EXERCISE DATA:
────────

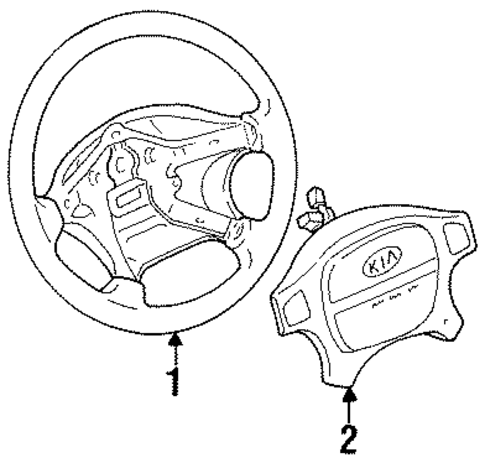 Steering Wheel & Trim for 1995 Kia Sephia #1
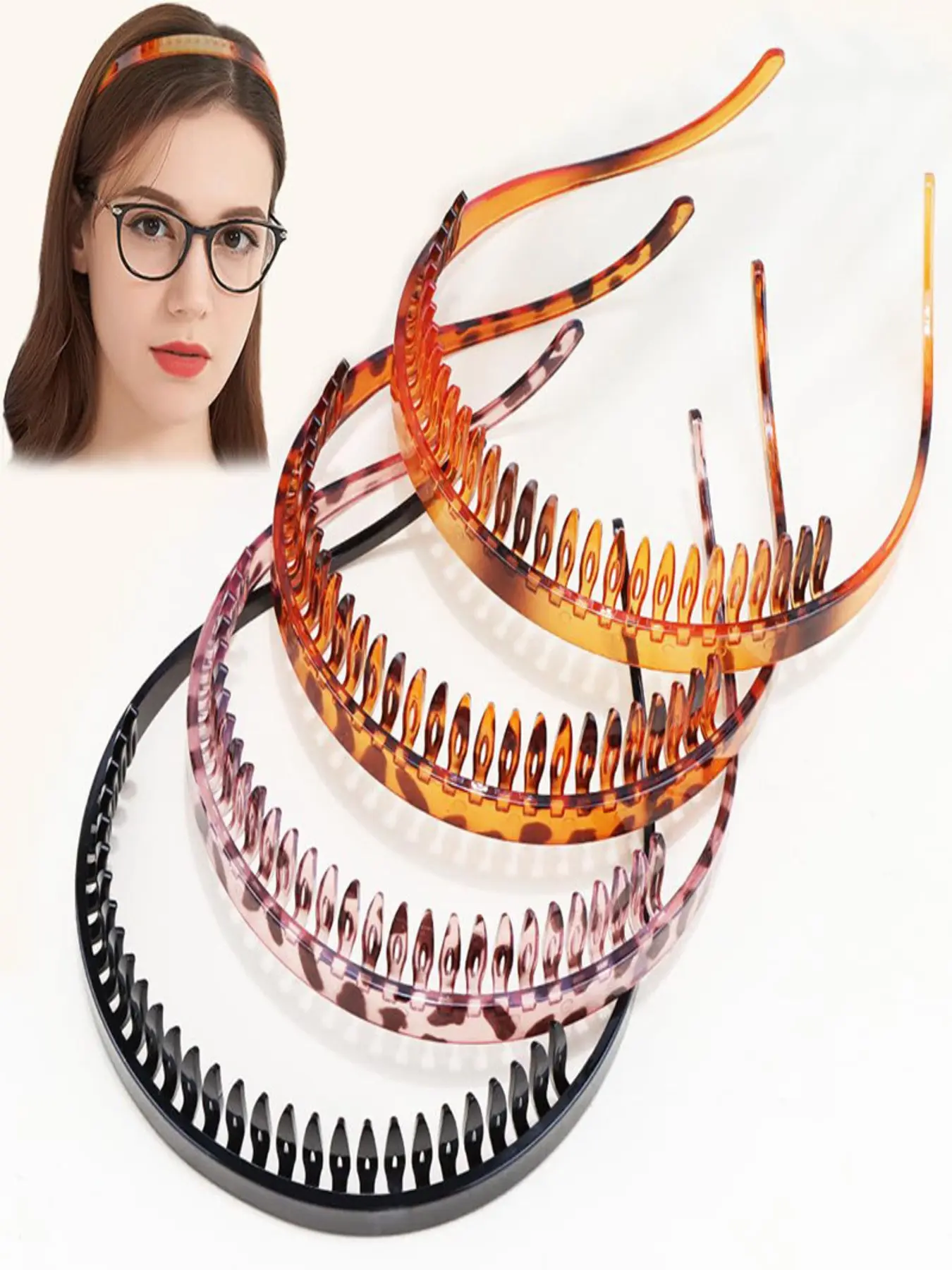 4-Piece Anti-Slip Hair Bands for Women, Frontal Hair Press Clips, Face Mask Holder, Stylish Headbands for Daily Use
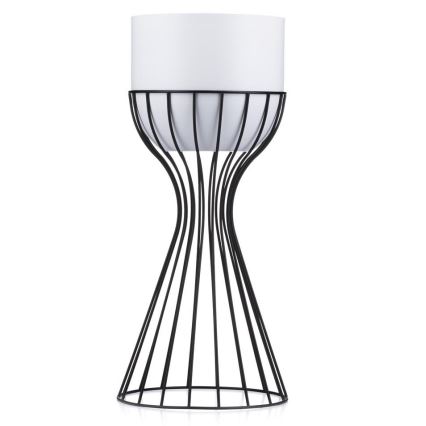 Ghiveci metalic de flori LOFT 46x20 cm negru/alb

────────

WHAT NEEDS TO BE DONE:
Retype the listing above exactly, pictures excluded.

OUTPUT FOR THIS EXERCISE:
 Steering Wheel & Trim for 1995 Kia Sephia #1
 4-Piece Anti-Slip Hair Bands for Women, Frontal Hair Press Clips, Face Mask Holder, Stylish Headbands for Daily Use
 Ghiveci metalic de flori LOFT 46x20 cm negru/alb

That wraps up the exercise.